Action item. From the line holding "Cintre de ceinture" through the line holding "ガオガエンex / Incineroar ex (TEF #187)" below, write out every line exactly; include both of those lines and drop the pictures.

Given data.
★ ★ ★

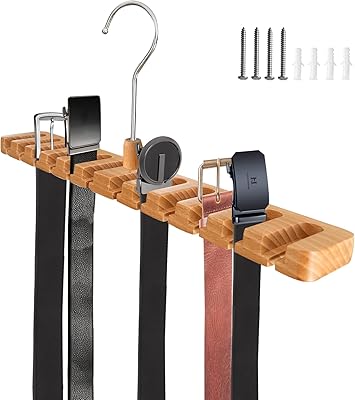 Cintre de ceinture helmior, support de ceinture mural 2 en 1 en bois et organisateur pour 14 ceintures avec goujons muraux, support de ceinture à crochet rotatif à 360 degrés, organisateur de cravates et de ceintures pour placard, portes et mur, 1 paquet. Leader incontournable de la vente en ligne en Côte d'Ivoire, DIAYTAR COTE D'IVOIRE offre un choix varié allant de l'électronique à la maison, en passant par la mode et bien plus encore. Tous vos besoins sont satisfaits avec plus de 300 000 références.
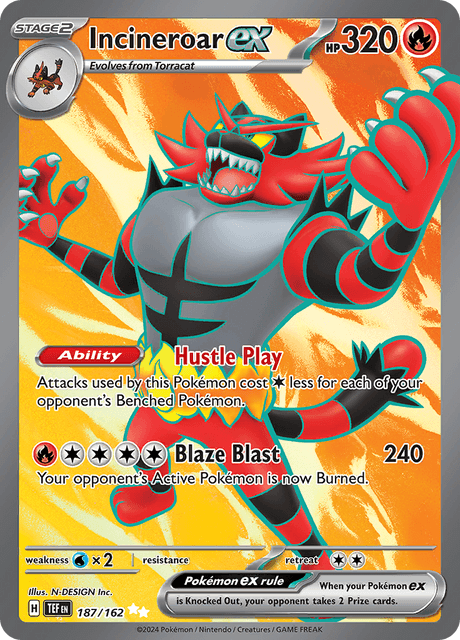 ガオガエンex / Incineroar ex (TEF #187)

★ ★ ★

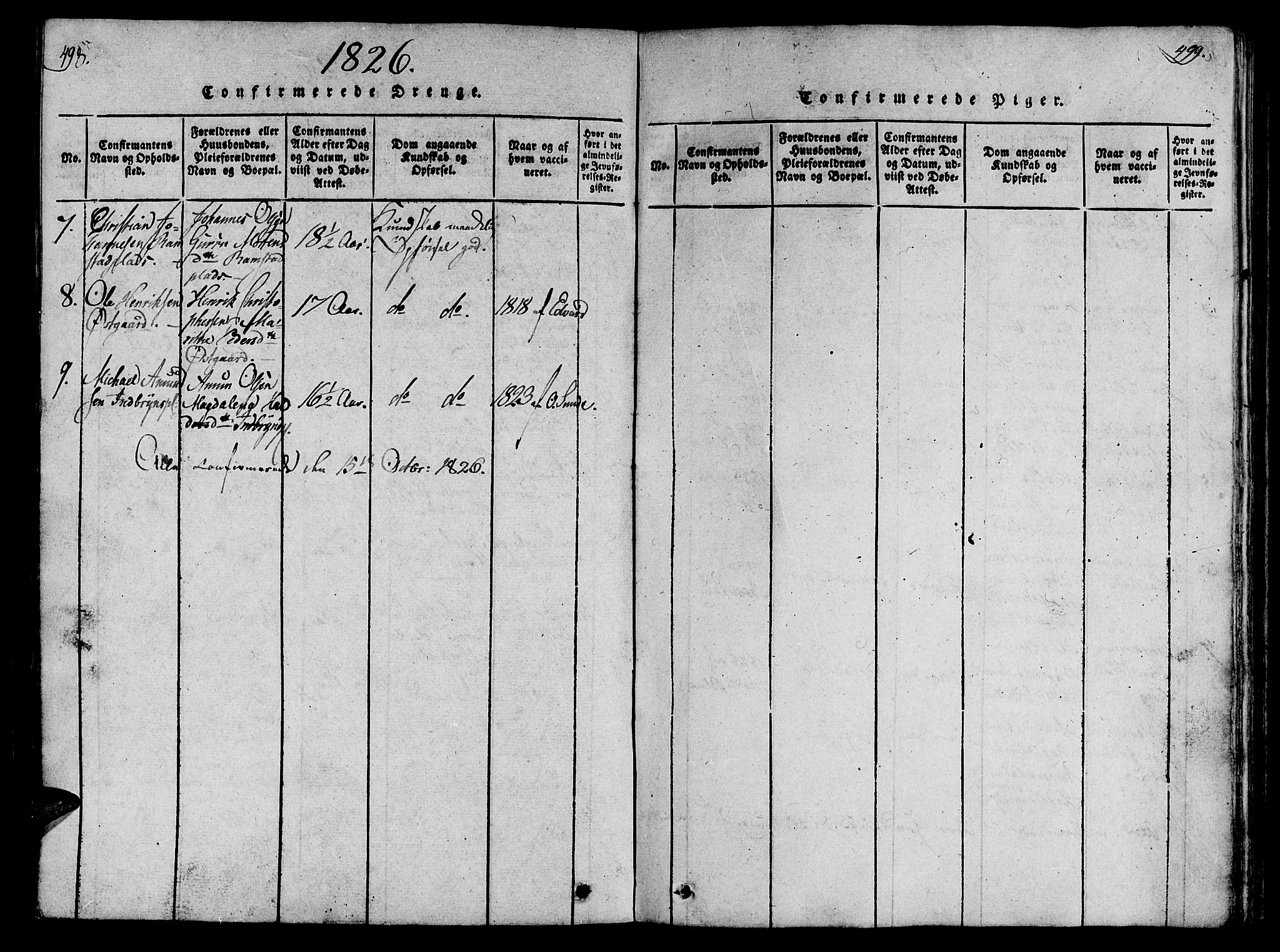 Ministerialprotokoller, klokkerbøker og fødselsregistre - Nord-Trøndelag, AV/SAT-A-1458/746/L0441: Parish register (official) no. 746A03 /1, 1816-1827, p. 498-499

★ ★ ★

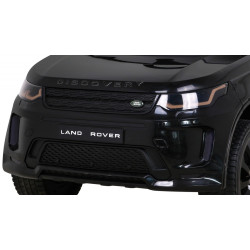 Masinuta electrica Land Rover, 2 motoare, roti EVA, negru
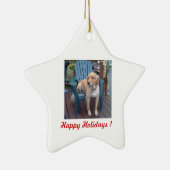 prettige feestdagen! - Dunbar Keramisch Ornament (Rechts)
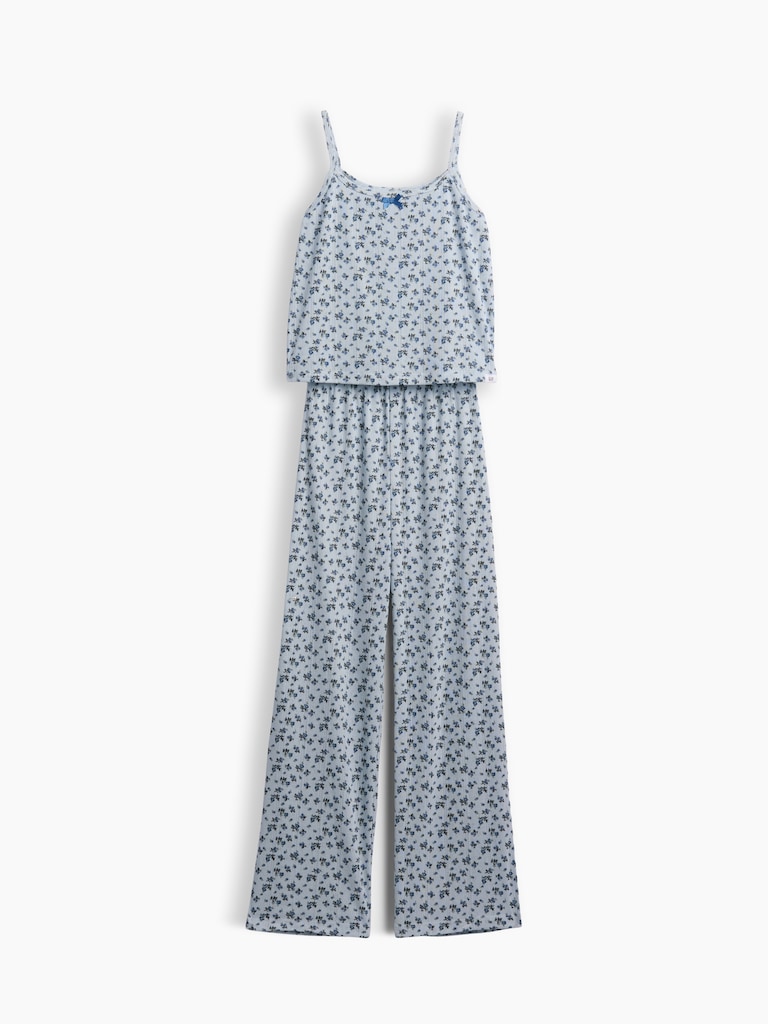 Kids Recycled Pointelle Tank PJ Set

★ ★ ★

Exercise answer.
 Cintre de ceinture helmior, support de ceinture mural 2 en 1 en bois et organisateur pour 14 ceintures avec goujons muraux, support de ceinture à crochet rotatif à 360 degrés, organisateur de cravates et de ceintures pour placard, portes et mur, 1 paquet. Leader incontournable de la vente en ligne en Côte d'Ivoire, DIAYTAR COTE D'IVOIRE offre un choix varié allant de l'électronique à la maison, en passant par la mode et bien plus encore. Tous vos besoins sont satisfaits avec plus de 300 000 références.
 ガオガエンex / Incineroar ex (TEF #187)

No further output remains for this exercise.